Red Lion Hotels, Inc. ("Red Lion") was incorporated in Delaware in March 1994
and commenced operations in March 1995.  On August 1, 1995, Historical Red Lion
contributed substantially all of its assets (excluding 17 hotels and certain
related obligations, certain minority joint venture interests and certain
current assets) and certain liabilities to Red Lion.  In connection with this
transaction, Historical Red Lion assigned the Management Agreement to Red Lion.
The Management Agreement expires in 2012 and can be extended for an additional
ten five-year periods.  The general partner of the Partnership is Red Lion
Properties, Inc. (the "General Partner"), a wholly owned subsidiary of Red Lion.

On November 8, 1996, Red Lion became a wholly owned subsidiary of Doubletree
Corporation ("Doubletree") pursuant to a merger transaction in which all
outstanding shares of Red Lion common stock were converted into cash and shares
of Doubletree common stock.  Red Lion, as a wholly owned subsidiary of
Doubletree, continues to operate and manage the Hotels under the Management
Agreement.  Doubletree files reports and other information with the Securities
and Exchange Commission in accordance with the Securities Exchange Act of 1934.

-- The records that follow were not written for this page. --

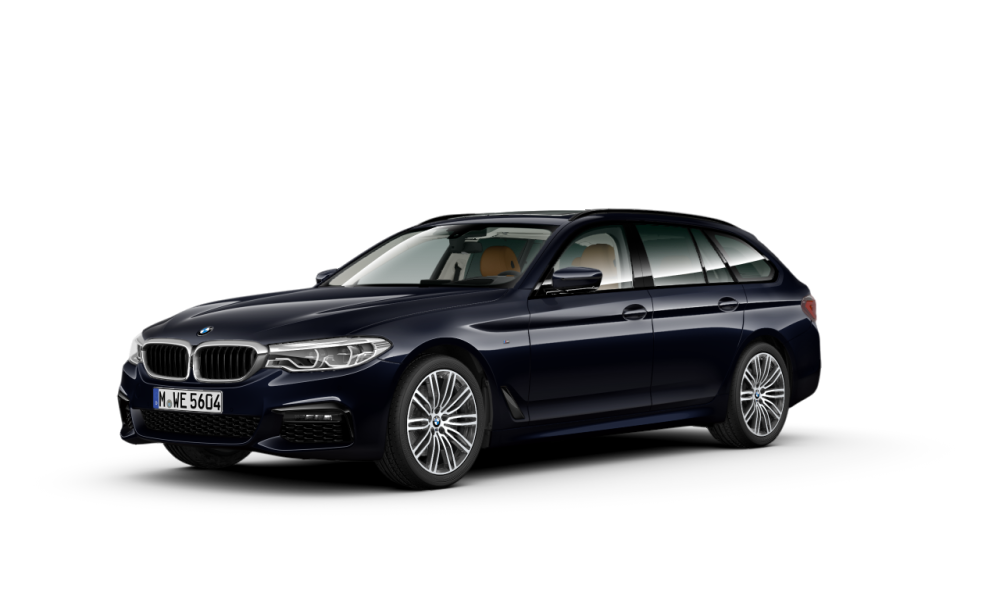 BMW 520I TOURING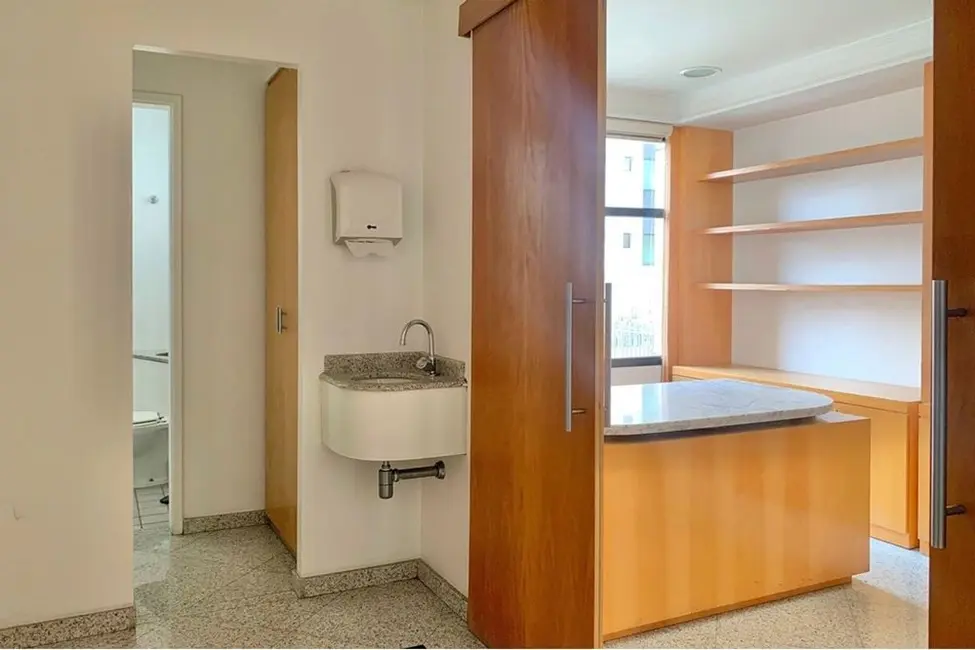 Sala Comercial à venda, 38m2 em Vila Clementino, São Paulo - SP - imagem 8 Foto 8 de Sala Comercial à venda, 38m2 em Vila Clementino, São Paulo - SP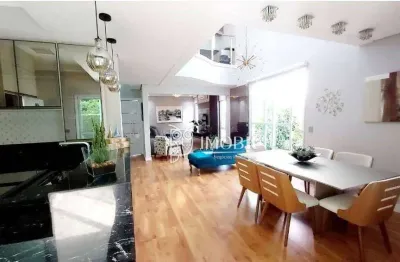 Belíssima casa com 3 dormitórios, 01 suíte  à venda no ibiaran 1 por r$ 1.490.000 - residencial ibi aram i - itupeva/sp
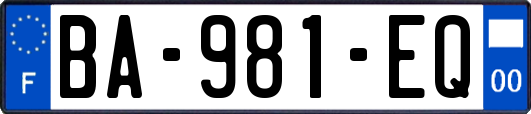 BA-981-EQ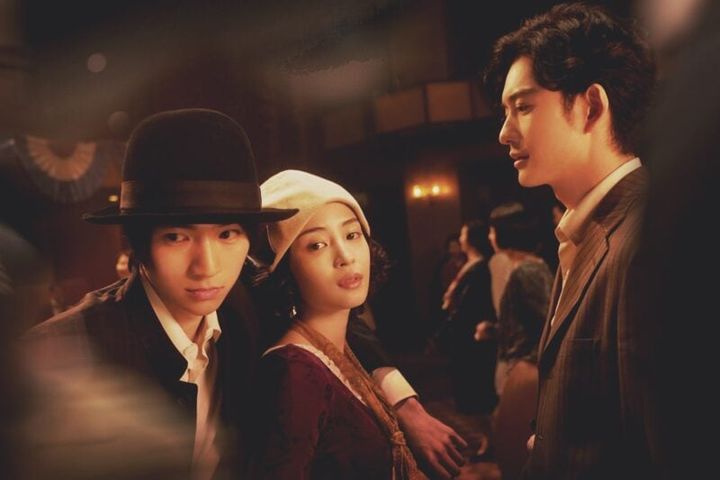 2月21日（金）よりTOHOシネマズ 日比谷ほか全国公開 ©2025「ゆきてかへらぬ」製作委員会 配給：キノフィルムズ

The preparation of financial statements in accordance with generally accepted
accounting principles requires the General Partner to make estimates and
assumptions that affect the reported amounts of assets, liabilities, revenues
and expenses and the disclosure of contingent assets and liabilities.  While the
General Partner endeavors to make accurate estimates, actual results could
differ from estimates.

Certain prior year amounts have been reclassified to conform to the current year
presentation.

Operating Revenues and Expenses and Current Assets and Current Liabilities

Revenues reported in the accompanying statements of income represent the gross
operating profit of the Hotels. Operating revenues and expenses and the current
assets and current liabilities of the Hotels are excluded from the accompanying
consolidated financial statements of the Partnership because Red Lion, and not
the Partnership, has operating responsibility for the Hotels.



   9
 
Property and Equipment

The Partnership recorded the April 14, 1987 acquisition of property and
equipment on the basis of an allocation of the purchase price to the assets
acquired. Subsequent additions and improvements have been capitalized at their
cost.

Normal repairs and maintenance are charged to Hotel operating costs and expenses
as incurred. Upon sale or retirement of property and equipment, the cost and
related accumulated depreciation are removed from the respective accounts and
the resulting gain or loss, if any, is included in income.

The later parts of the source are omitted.